The second complex is the GPU complex. It is connected to the CPU via the CPU's Wishbone open peripheral bus. The GPU has two parts: the graphics engine and the display engine.
The graphics engine generates the requested pixel by requesting sprites from the Sprite Cache. The Sprite Cache is a 32-entry CAM that contains sprite entries with dimensions and texture pointer for sprites that are present on a given line. This is double-ported, with the sprite list for the next raster line being generated while the current line is displayed. This generation occurs by iterating the Sprite SRAM (2 KB). The GE will only select one candidate sprite from the CAM. The GE will then query its Texture SRAM (16 KB) for the necessary pixel index and then perform a lookup in the LUT RAM (64 entries split into 4 sub-LUTs), passing it up to the display engine.
The GE can also be put into the upload mode. This mode enables writes to the Texture SRAM and the Sprite SRAM. This should be done during V-sync. Textures are aligned to 4 bytes, with the internal sprite storage structure using a 16-bit address to address them.
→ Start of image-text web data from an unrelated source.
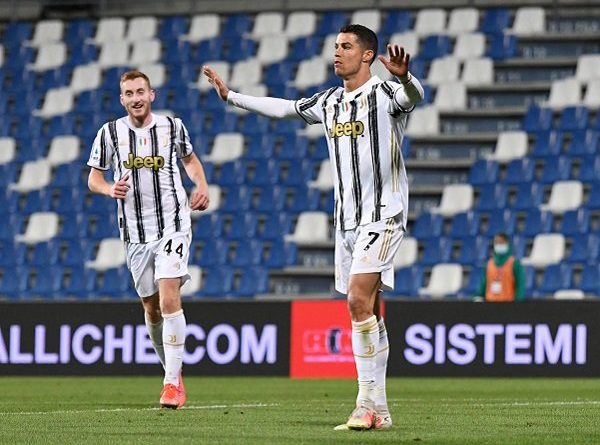 Cristiano Ronaldo Bikin Sejarah Usai Cetak Gol ke-100 untuk Juventus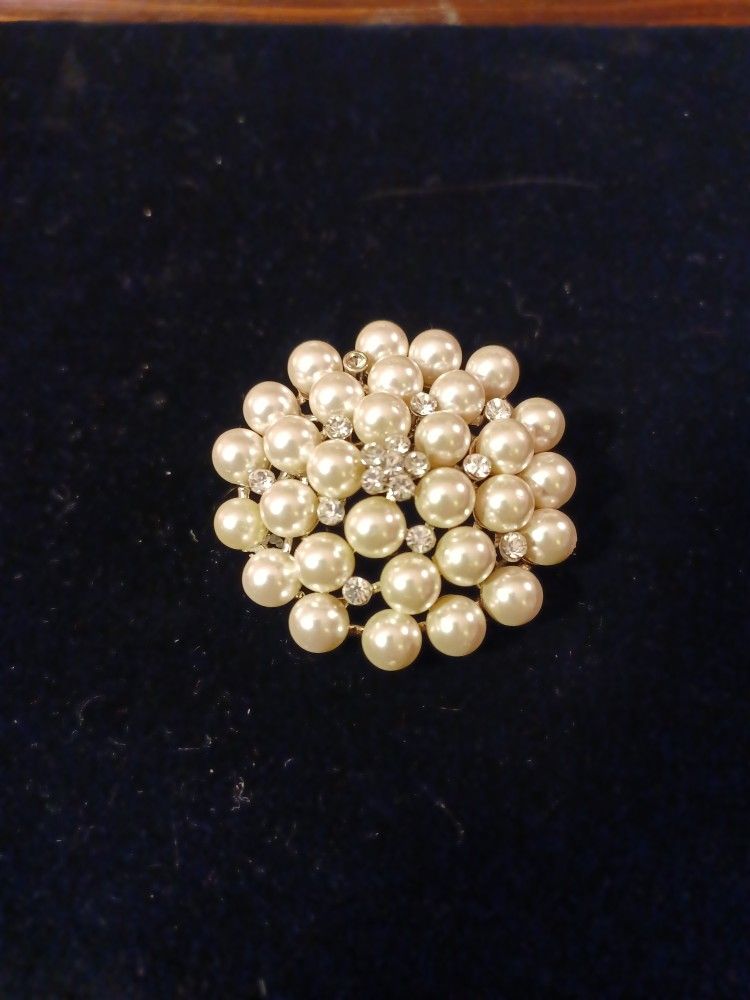 Pearl & Rhinestone Brooch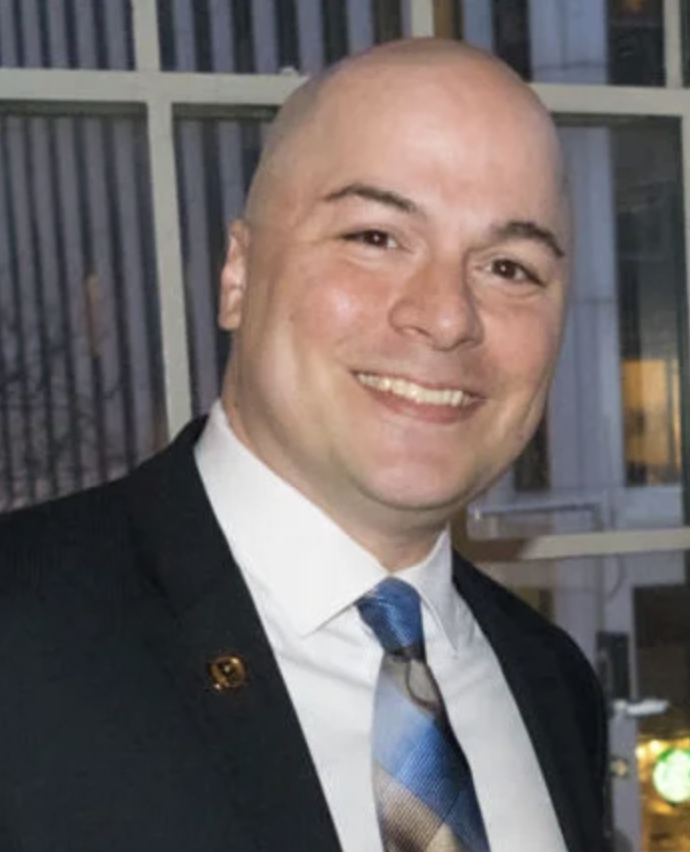Former Queens judge censured for using gun to trick police officer during a hearing — Queens Daily Eagle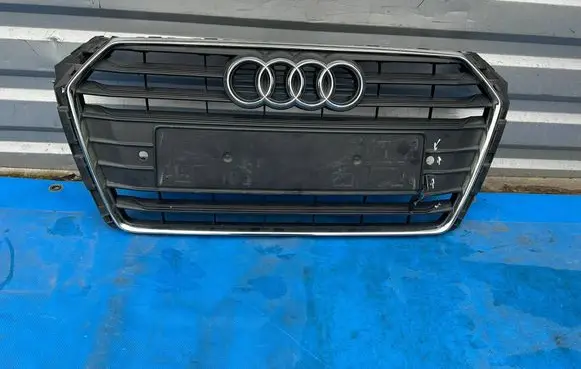 Audi A4 S4 B9 8W Front bumper upper radiator grill 8W0853651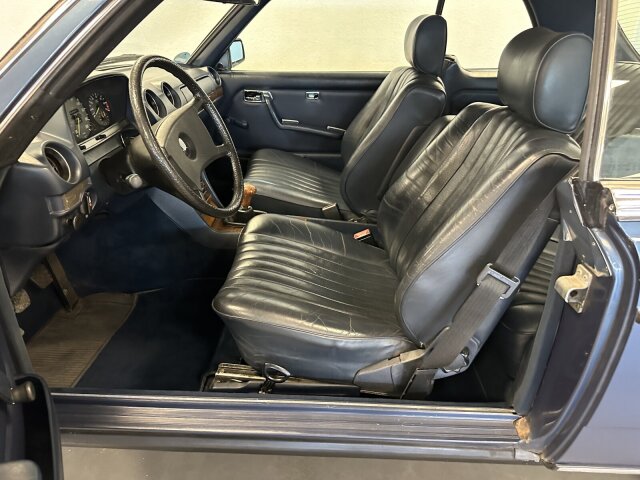 Mercedes-Benz 230
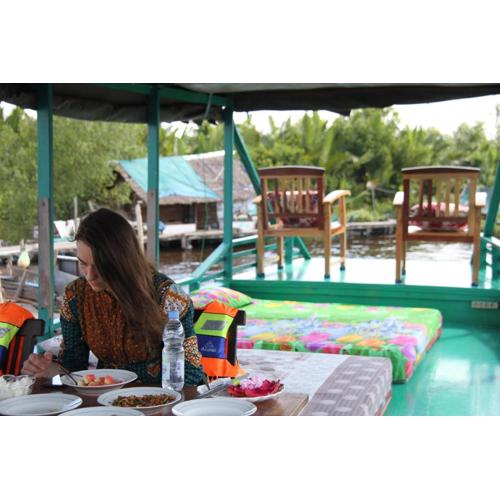 Orangutan Kelotok Houseboat for 6 person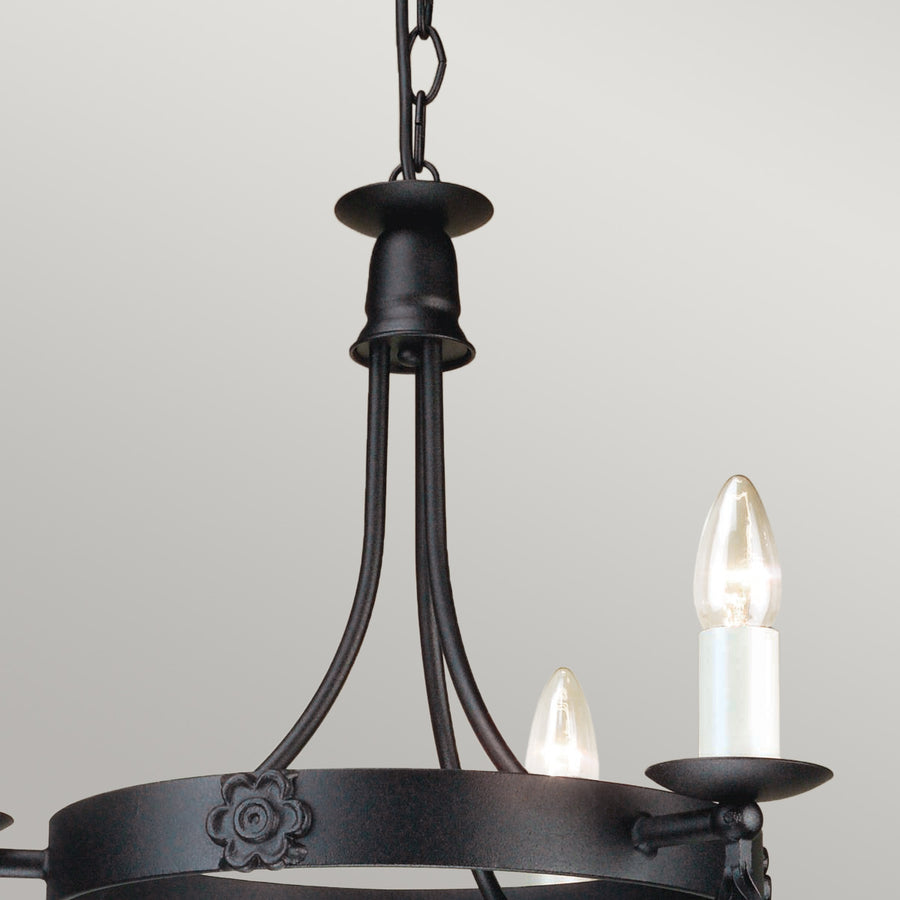 Détail de la chaîne et du support de plafond noir du luminaire.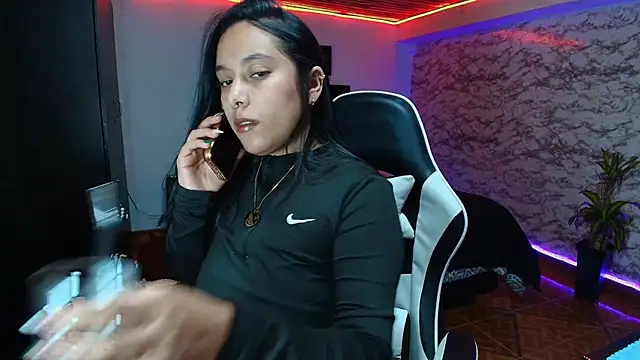 Camila IRoose online show from August 7, 1:23 am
The bottom 2 bits of the texture address are thus instead repurposed as a LUT select, allowing the selection of subLUTs 0 to 3.
The graphics API will look like this:
struct gpu_device; // Stores base address and SRAM allocator information.
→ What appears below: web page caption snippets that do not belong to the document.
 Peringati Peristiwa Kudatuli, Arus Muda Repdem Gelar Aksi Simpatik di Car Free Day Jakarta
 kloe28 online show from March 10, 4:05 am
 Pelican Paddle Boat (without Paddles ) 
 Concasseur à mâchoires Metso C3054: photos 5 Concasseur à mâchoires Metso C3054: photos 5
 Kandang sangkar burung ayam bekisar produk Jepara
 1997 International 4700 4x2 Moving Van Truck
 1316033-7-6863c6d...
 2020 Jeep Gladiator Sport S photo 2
typedef gpu_device_base_address volatile uint32_t*;
typedef image uint8_t;
typedef texture_ref uint32_t;
typedef lut_entry uint16_t;
typedef lut_id uint32_t;
void gpu_device_init(gpu_device* device, gpu_device_base_address* address);
void gpu_wait_vsync(gpu_device* device);
void gpu_clear_sprites(gpu_device* device);
void gpu_clear_textures(gpu_device* device);
void gpu_clear_luts(gpu_device* device);
void gpu_begin_upload(gpu_device* device);
texture_ref gpu_upload_LUT(gpu_device* device, lut_entry* lut);
texture_ref gpu_upload_texture(gpu_device* device, image* texture, lut_id lut);
void gpu_upload_sprite(gpu_device* device, texture_ref texture, uint32_t width, uint32_t height, uint32_t x, uint32_t y);
void gpu_end_upload(gpu_device* device);
The Display Engine controls HDMI timings using the GOWIN DVI TX soft-IPs. It makes pixel requests to the GE and can notify the CPU when Vsync occurs.